Any picture in the data below should be skipped, while every line is repeated exactly.
(Data block Opens)
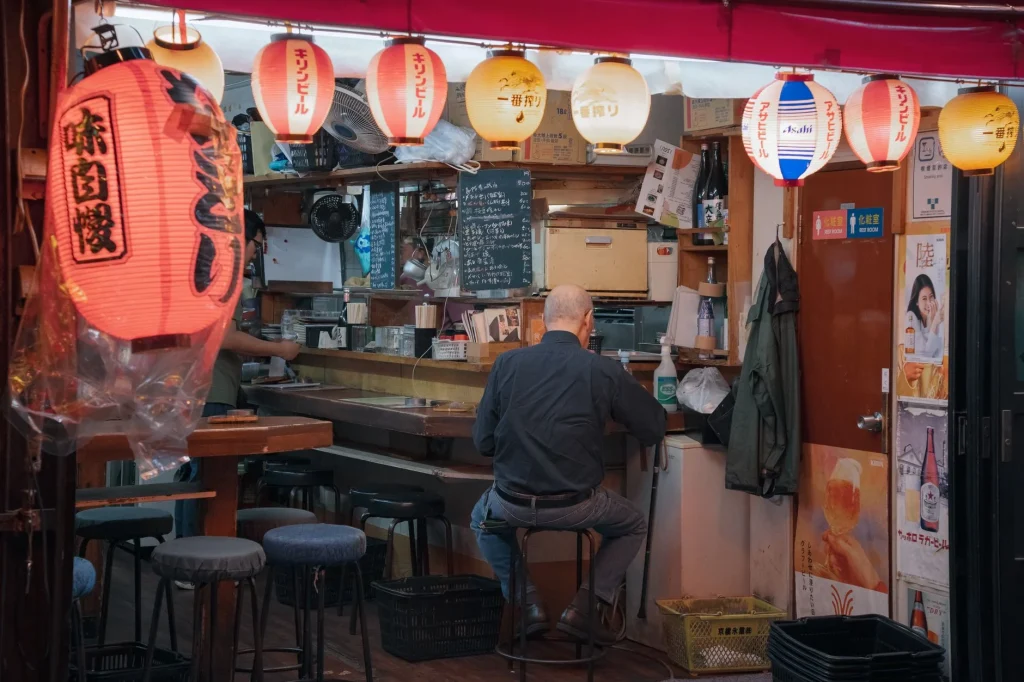 Interior de un izakaya con platos en la barra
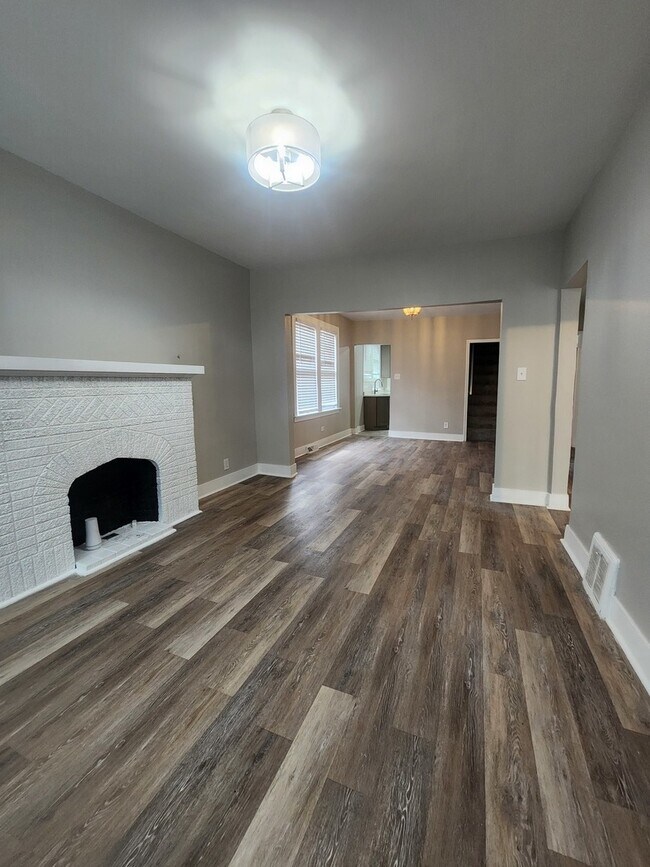 Photo - 8000 S Woodlawn Ave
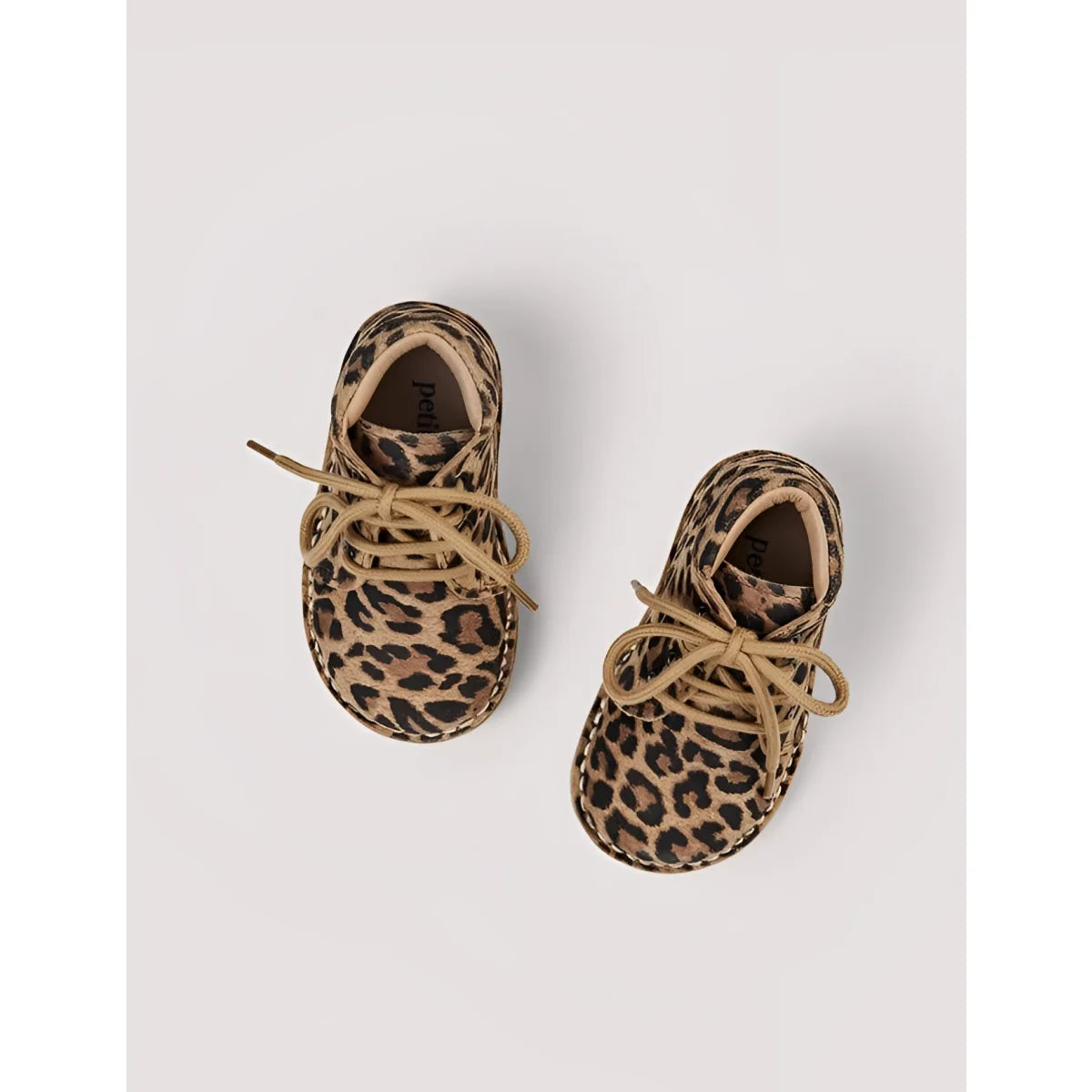 Classic Boot Leopard: Wüstenstiefel aus pflanzlich gegerbtem Wildleder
(Data block Closes)
Task answer:
 Interior de un izakaya con platos en la barra
 Photo - 8000 S Woodlawn Ave
 Classic Boot Leopard: Wüstenstiefel aus pflanzlich gegerbtem Wildleder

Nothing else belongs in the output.